A task-Based multithread crawler framework for simple-minds.
=====
Version 1.0 beta.
#Features of version 1.0
- freaking task-based, 基于任务
- less network-panic 不需要拘泥于网络的细节,包括错误处理和重试
- more handlers 需要关心handlers,也就是你处理爬到的内容的逻辑实现
- simple http-controling(not implemented yet)-monitoring 基于http的监控和(控制)接口
- mess logs 不止一坨日志
- abysmal bugs maybe 可能潜在的一堆bugs
#Installation
- python 2.7
- And,
while running not OK:
check what you are lacking of
add them..
- Copy the dir to the place you want.
- Done.
#Try Demo
demo是挖voa的内容,但是voa的内容是被GFW认证的,所以你假如要试用的话,请先确认你的服务器能够连接到 http://learningenglish.voanews.com/
[cheungzee@pn-206-246 iPapa_voa]$cd bin
[cheungzee@pn-206-246 bin]$ls
AudioHandler.py ClassPageHandler.pyc ContentPageHandler.pyc PicHandler.py setup.py
AudioHandler.pyc ContentMp3PageHandler.py MainPageHandler.py PicHandler.pyc setup.pyc
ClassPageHandler.py ContentPageHandler.py MainPageHandler.pyc run.py
[cheungzee@pn-206-246 bin]$python run.py
wget localhost:28282
or type in localhost:28282 in your favourite broswer.

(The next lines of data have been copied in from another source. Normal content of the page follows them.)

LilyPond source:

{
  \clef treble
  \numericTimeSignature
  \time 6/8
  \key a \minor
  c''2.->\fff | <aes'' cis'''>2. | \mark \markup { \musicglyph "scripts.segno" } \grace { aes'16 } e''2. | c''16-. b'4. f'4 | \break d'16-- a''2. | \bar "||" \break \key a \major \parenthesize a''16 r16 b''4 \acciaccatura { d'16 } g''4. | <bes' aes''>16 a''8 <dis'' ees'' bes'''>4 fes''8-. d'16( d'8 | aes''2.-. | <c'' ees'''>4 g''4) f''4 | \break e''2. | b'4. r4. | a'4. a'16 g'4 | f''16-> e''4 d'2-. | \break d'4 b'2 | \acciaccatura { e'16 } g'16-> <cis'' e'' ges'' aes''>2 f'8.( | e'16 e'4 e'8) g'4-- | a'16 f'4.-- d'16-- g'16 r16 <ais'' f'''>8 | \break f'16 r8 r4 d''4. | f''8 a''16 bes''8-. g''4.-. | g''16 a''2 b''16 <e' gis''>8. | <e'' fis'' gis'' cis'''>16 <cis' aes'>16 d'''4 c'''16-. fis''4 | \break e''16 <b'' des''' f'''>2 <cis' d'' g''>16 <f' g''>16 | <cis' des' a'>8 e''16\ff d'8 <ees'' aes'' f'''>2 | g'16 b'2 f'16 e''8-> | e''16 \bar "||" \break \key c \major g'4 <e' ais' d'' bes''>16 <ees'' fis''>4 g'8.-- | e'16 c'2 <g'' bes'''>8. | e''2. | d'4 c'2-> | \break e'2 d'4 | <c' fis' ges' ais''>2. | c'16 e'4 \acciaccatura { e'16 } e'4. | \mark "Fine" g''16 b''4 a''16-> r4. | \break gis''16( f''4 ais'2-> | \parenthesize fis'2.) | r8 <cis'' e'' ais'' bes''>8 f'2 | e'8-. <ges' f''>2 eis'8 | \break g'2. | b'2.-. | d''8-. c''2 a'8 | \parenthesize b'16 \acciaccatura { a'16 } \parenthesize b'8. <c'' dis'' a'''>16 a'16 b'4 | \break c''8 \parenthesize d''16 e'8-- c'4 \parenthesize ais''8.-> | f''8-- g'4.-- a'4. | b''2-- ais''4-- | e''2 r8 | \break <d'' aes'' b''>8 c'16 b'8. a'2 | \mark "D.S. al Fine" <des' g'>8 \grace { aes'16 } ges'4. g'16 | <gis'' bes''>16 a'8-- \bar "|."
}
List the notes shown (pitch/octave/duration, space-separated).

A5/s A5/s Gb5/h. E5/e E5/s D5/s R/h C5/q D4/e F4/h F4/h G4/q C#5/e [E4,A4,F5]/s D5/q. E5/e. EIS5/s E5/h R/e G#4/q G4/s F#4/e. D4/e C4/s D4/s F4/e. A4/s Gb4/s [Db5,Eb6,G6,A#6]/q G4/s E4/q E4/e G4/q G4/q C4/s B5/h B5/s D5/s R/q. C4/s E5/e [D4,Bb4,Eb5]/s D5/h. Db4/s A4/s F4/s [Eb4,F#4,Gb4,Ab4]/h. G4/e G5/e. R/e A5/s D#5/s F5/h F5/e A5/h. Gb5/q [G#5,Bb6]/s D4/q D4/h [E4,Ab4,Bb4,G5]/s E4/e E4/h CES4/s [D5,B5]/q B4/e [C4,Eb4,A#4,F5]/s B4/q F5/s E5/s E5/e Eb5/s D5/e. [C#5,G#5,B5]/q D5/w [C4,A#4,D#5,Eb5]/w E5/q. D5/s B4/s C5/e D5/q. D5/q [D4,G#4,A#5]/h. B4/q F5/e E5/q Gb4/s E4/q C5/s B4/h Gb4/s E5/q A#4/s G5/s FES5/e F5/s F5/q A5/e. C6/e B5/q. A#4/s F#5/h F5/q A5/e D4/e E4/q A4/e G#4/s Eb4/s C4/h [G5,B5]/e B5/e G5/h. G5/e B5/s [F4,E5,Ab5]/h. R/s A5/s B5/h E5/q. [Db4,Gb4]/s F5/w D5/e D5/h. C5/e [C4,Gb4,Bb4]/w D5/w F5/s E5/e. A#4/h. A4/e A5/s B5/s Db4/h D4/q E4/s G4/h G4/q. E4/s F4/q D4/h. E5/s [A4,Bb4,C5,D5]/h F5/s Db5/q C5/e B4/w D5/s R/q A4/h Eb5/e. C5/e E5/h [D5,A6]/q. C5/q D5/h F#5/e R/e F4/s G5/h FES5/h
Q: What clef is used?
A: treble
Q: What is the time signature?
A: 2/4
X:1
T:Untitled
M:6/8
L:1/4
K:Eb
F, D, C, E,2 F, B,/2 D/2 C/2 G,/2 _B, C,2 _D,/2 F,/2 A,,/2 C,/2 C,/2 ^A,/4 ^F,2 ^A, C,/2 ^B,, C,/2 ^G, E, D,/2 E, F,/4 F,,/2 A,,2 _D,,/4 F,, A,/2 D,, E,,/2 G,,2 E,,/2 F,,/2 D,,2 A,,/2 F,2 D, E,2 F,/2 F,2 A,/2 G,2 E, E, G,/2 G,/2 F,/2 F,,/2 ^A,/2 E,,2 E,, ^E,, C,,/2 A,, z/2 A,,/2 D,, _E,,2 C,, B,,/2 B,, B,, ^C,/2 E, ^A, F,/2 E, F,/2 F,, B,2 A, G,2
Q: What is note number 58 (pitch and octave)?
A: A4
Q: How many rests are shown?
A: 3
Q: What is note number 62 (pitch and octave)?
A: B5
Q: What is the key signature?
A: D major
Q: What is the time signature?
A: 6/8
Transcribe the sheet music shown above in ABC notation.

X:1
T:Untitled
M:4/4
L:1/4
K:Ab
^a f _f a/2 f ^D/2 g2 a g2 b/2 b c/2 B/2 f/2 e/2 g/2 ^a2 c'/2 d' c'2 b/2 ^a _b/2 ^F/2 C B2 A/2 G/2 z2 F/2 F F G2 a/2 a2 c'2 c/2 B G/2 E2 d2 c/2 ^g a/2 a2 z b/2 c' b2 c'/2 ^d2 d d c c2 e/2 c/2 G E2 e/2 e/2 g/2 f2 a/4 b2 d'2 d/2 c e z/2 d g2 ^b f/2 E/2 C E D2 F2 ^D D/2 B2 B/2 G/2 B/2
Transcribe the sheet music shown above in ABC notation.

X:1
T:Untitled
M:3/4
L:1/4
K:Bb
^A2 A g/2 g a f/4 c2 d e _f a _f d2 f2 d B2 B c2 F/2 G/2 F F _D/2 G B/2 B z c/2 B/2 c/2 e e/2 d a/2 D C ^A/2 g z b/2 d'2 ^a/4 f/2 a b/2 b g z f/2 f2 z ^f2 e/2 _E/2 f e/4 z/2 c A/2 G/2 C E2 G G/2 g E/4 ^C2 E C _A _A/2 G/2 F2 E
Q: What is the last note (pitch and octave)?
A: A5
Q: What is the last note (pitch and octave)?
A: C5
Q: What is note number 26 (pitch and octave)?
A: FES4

#Play it to the beat(not finished yet)
There are status of the task noted by task.status,
- new
- down
- downed
- parsing
- done
- failed
- "page", we will get it once in worker, and put it in task['__data']. 对于page类型的task,worker实例会调用Fetcher 实例来一次性下载task.url指向的内容,并将内容保存到task['__data']中
- "media", we may download it to the task.dest palce with serveral times, 5MB a chunk for each time. 对于media类型的task我们会进行分块下载,每次5MB,下载到task.dest指定的路径中
- only task['_data'] is used by the framework. 我们仅仅使用_data 作为task的保留关键字。
- Check our demo run.py
- Read the code
def __init__(self, taskId, #taskId
status='new', #status
url='', #url
handler='common', #call which handler to handle it in parsing stage
handleBy='', #like a stamp saying, I am handling by which one...
repeatTime=0, #not implemented yet, when this task failed, shall we put it into the WorkManager.inQueue for a new birth.
tryTimes=3, # retry times if got erroes in fetching the url
waitTime=30, # set timeout as waitTime in fetching the url
taskType='page', # page or media?
msg='new', #sth. like testament of the task...
postdata={}, #if the request is a post request.
data={}, #data in 'data' will be in task like values in a dict
ref='', #ref url
dest='') #put file in the dest, if the taskType is media
take cares of the threads, counters, queues, and blablabla, plz see the code and demo for details.
- WorkManager.inQueue type: Queue.Queue(), we put new tasks in it.
- WorkManager.outPQueue type: Queue.Queue(), Parser put the processed tasks in it.
- WorkManager.wThreads type: list, list of worker threads.
- WorkManager.pThreads type: list, list of parser threads.
- WorkManager.cThread controller thread, providing http interface for monitoring.
- WorkManager.activeTasks type list, storing the active tasks for referencing.
- WorkManager.start(self) start the crawler frame
- WorkManager.packTask(self, task) pack a task by setting the task.id
- WorkManager.addTask(self, task) add a task in self.inQueue and self.activeTasks
- WorkManager.rmTask(self, task) rm a task from self.activeTasks.
- Get a new task from the inQueue of WorkManager.
- Set the task.status as "down".
- Begin to fetch/download the data pointed by task.url into task.dest or task['__data'].
- Set the task.status to be "downed" or "failed".
- Put the task into WorkManager.outQueue, i.e., WorkManager.inPQueue.
- Get a new task from the WorkManager.inPQueue.
- Parse it from task['__data'] for "page" task / do checking moving jobs for the "media" type task.
- Set the task.status into "done" or "failed".
- Put it into the WorkManager.outPQueue.